Großenhain once had very solid city walls, even the Swedish troops had to take note of that when they besieged the town with no effect in the 30-years war twice (1637 and 1642). From 1738 on, however, the fortifications were torn down, finally only few remains were left after 1851. Fortunately the grounds were not overbuilt but used for a promenade around the old town where one can take a leisure stroll in our days.
Pics 1 + 2: Powder tower and city walls at Topfmarkt/Franz-Schubert-Allee. It's the only remaining tower of the fortifications.
Pic 3: Lessing monument, Lessingplatz (Eastern end of the old town)
Pic 4: flower beds in the moat of the former castle (Schloss)

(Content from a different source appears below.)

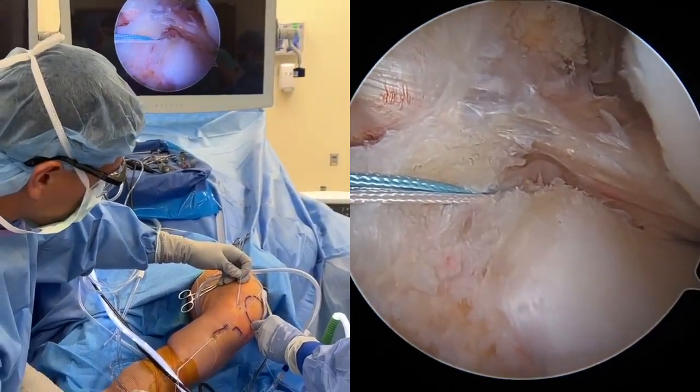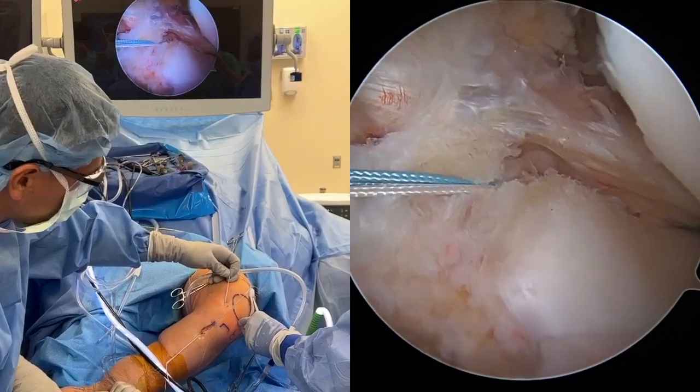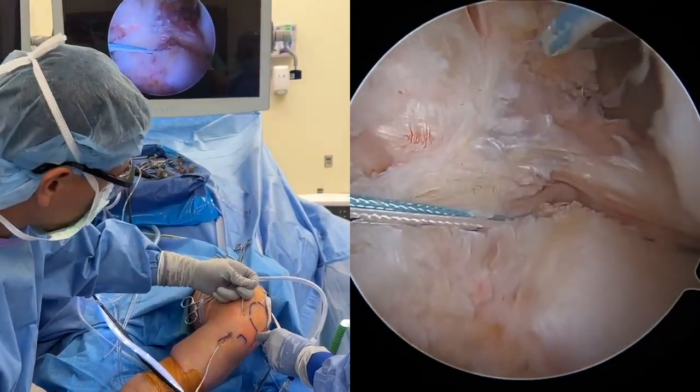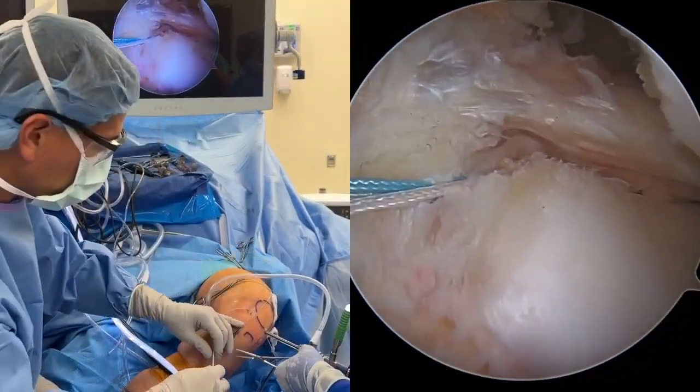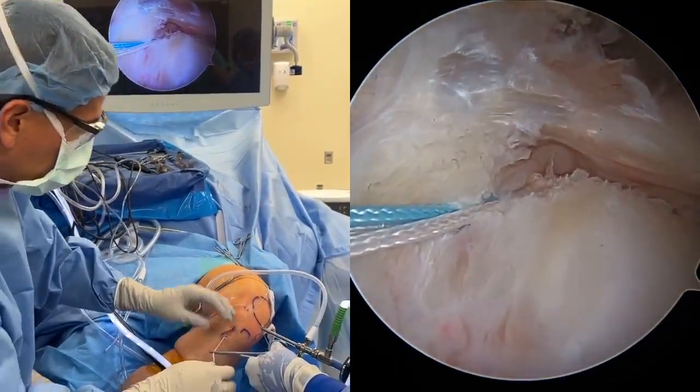The anchor is set by pulling on the tensioning suture loop. After ensuring the anchor is seated, a safety hemostat is used to secure the main anchor sheath at the anterior tibia.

Pic 5: Mozartallee, western entrance to the old town
Großenhain has a nice, albeit not overly exciting old town. The town has been destroyed by big fires several times over the centuries, e.g. in 1540 and 1744, the latest one in 1872. The structure and appearance of the old town is dominated by two- or three-storey townhouses from the reconstruction after the last big fire. A few Renaissance houses are preserved also, but the facades were mostly redesigned in Baroque style. Since the town has never been very wealthy the decoration is not overly ornate as in other Saxon towns. However, the cobbled alleys and mostly restored townhouses make for a cute overall picture and it is nice to take a stroll, do some (window) shopping and have a bite to eat here or there.
The Market square is the centre of Großenhain. The town hall was built in Neo-Renaissance style in 1875, the tower as one landmark of the town has a top modeled after the Reichenturm tower in Bautzen. The Diana fountain (1914) on the square reminds of the huntings in the surrounding forests. Unfortunately the square is mostly used as a parking lot except on (food or e.g. Christmas) market days.
Fondest memory: Picture #1: The corner Meißner Str./Schlossstr., the top of the town hall's tower at the left side, the Schloss tower right.
Picture #2 is the view from the flower clock by the Marienkirche to the Market square with town hall.
Picture #3: the "parking lot" Market square and the view toward Marienkirche.